REQUIREMENT. Only an exact repetition of the lines from the one that holds "Office Chair Eurotech" to the end of the records is wanted.

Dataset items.
○ ○ ○ ○

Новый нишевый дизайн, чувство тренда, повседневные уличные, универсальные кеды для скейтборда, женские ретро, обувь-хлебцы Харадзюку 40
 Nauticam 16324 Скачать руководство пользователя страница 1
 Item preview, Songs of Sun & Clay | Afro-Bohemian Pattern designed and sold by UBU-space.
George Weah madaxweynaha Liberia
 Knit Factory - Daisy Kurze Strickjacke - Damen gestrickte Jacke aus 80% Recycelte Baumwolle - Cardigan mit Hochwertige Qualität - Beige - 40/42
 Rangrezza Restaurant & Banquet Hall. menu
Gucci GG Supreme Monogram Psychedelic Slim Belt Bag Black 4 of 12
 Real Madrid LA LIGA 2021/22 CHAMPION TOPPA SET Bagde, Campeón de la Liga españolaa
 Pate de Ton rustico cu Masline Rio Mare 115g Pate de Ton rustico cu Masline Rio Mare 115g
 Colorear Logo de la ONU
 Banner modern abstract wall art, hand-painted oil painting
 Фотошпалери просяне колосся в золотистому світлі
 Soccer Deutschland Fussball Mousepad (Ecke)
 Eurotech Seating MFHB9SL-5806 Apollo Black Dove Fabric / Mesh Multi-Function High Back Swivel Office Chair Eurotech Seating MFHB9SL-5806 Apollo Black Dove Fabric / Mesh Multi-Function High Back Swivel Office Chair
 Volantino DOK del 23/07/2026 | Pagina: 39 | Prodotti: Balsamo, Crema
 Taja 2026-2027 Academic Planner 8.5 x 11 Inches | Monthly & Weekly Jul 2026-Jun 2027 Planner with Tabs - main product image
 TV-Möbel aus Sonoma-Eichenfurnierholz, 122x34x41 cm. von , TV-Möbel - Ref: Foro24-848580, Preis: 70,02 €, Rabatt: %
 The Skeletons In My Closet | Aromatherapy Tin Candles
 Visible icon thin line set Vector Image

○ ○ ○ ○

ANSWER FOR THE TASK.
 Eurotech Seating MFHB9SL-5806 Apollo Black Dove Fabric / Mesh Multi-Function High Back Swivel Office Chair Eurotech Seating MFHB9SL-5806 Apollo Black Dove Fabric / Mesh Multi-Function High Back Swivel Office Chair
 Volantino DOK del 23/07/2026 | Pagina: 39 | Prodotti: Balsamo, Crema
 Taja 2026-2027 Academic Planner 8.5 x 11 Inches | Monthly & Weekly Jul 2026-Jun 2027 Planner with Tabs - main product image
 TV-Möbel aus Sonoma-Eichenfurnierholz, 122x34x41 cm. von , TV-Möbel - Ref: Foro24-848580, Preis: 70,02 €, Rabatt: %
 The Skeletons In My Closet | Aromatherapy Tin Candles
 Visible icon thin line set Vector Image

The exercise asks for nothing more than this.